Data in this exercise START
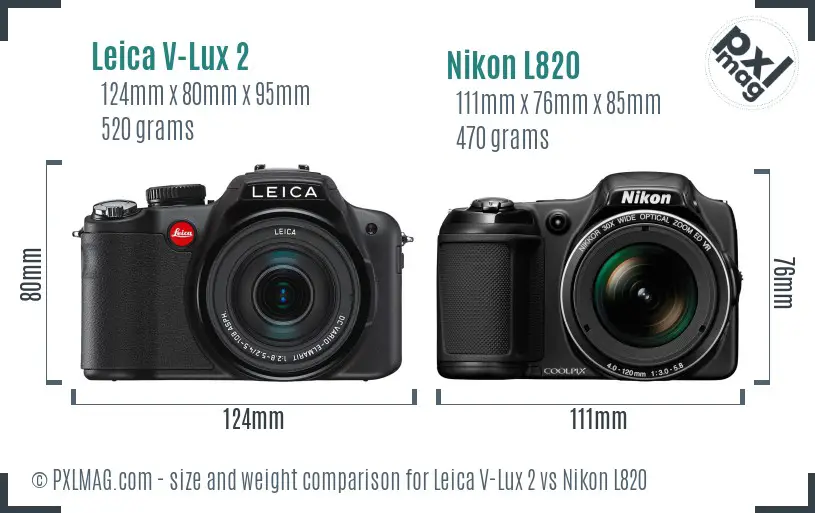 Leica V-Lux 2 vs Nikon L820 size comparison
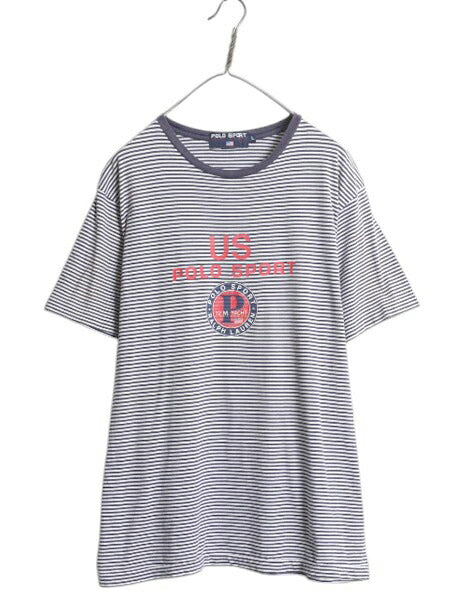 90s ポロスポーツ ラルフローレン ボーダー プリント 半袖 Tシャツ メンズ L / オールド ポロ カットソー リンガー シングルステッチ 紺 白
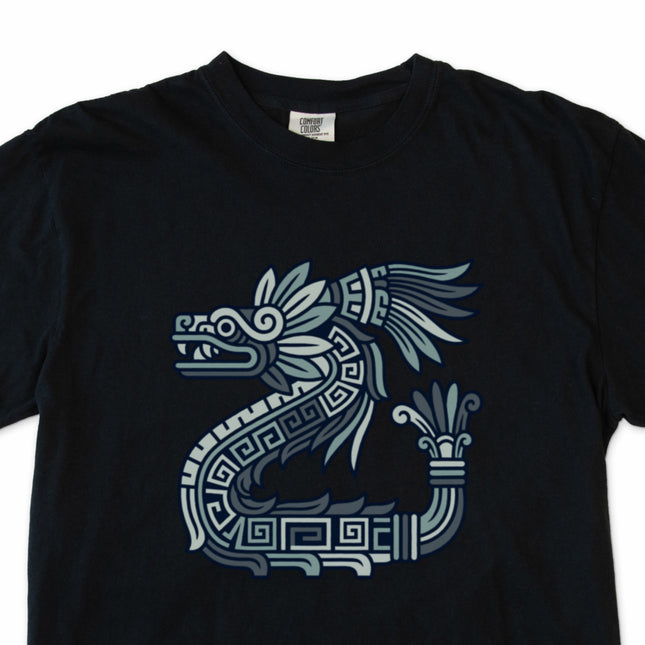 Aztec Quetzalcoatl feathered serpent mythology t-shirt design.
Data in this exercise END
Data in this exercise START
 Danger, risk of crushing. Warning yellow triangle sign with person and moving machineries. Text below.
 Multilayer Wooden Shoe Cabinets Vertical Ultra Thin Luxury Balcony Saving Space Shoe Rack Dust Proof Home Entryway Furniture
Data in this exercise END
Data in this exercise START
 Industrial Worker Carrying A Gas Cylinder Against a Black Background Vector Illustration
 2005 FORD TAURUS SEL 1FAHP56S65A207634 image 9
Data in this exercise END
▶ [Task instructions]:
Leave the pictures out. Output, exactly, the lines of the material above starting at the line containing "Leica V-Lux 2 vs Nikon L820 size comparison" and ending at the line containing "Aztec Quetzalcoatl feathered".

▶ [Output]:
 Leica V-Lux 2 vs Nikon L820 size comparison
 90s ポロスポーツ ラルフローレン ボーダー プリント 半袖 Tシャツ メンズ L / オールド ポロ カットソー リンガー シングルステッチ 紺 白
 Aztec Quetzalcoatl feathered serpent mythology t-shirt design.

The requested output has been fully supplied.